No shares will vest if net income is less than €12 million a year and they will vest progressively thereafter on a linear basis. So that 100% of the capitalistic products be definitively granted, the accumulated comprehensive income must reach:
For example, if net income is €20 million a year over the entire period, 51% shares will vest and if net income is €25 million a year over the entire period, 66% shares will vest.
The expense related to these plans is deferred over the vesting period. The corresponding amount recognised in equity is calculated on the basis of the overall plan value determined on the date of grant by the Board of Directors.
In accordance with IFRS 2, an expense of €193 million, calculated on the basis of the estimated probable number of shares under various plans, was recognised in respect of fiscal year 2019 (compared to €563 million at December 31, 2018). This IFRS 2 expense is related on the one hand to the initiation of new programs and the other hand to the program's progression and the realized income.

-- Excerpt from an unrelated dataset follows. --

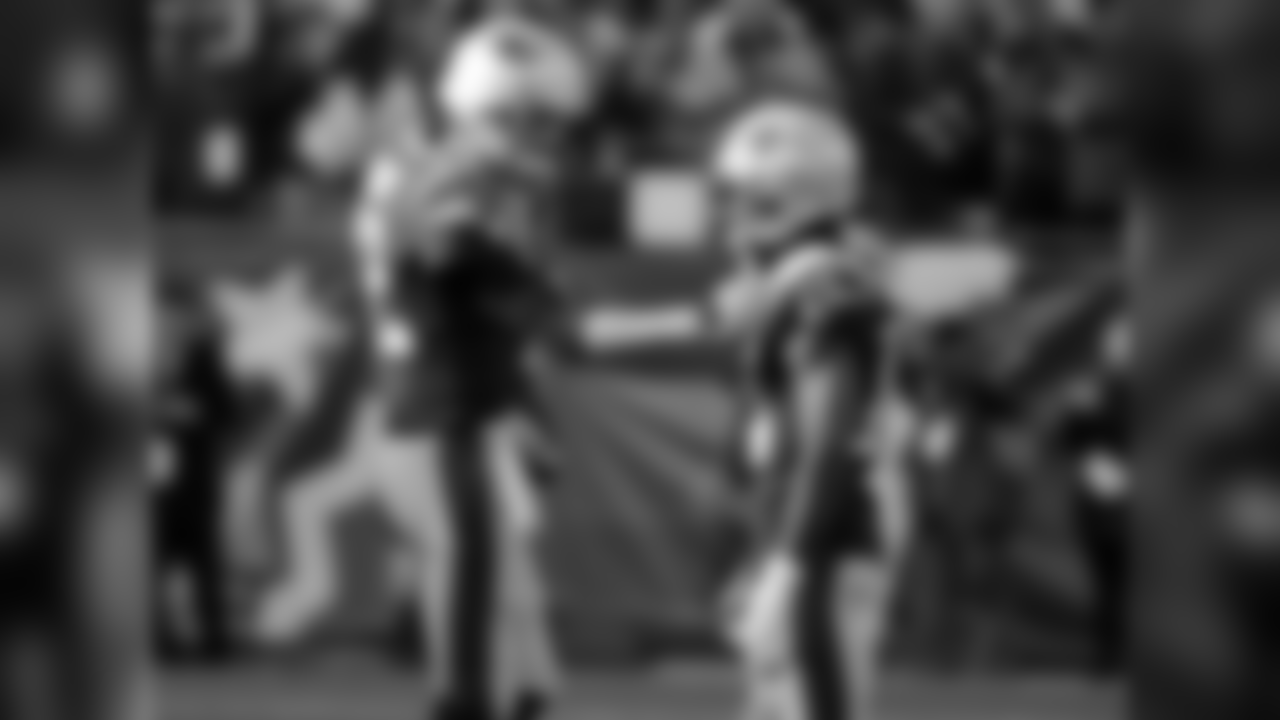 New England Patriots quarterback Tom Brady, left, talks to wide receiver Brandin Cooks as they warm up before the AFC championship NFL football game against the Jacksonville Jaguars, Sunday, Jan. 21, 2018, in Foxborough, Mass. (AP Photo/David J. Phillip)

The loss on share buybacks used amounted to €1.841 million and was deducted from consolidated equity at 31 December 2019 (vs €376 thousand at December 31, 2018) which reduces the consolidated shareholders' equity.
The Annual Shareholders' Meeting of June 14, 2019 approved a 2018 dividend of €0.23 per share.
The dividend is in addition to the €0.20 distribution paid in November 2018. The full distribution for 2018 therefore amount to €0.43 per share.
The ex-dividend date was July 9, 2019, and the dividend was paid on July 11, 2019. Since the distribution was paid for €0.22602 from the share premium account, and €0.00398 was treated as a repayment of capital contributions, pursuant to Article 112-1 of the French tax code (Code général des impôts).
The dividend ultimately paid in cash amounted to €13.4 million.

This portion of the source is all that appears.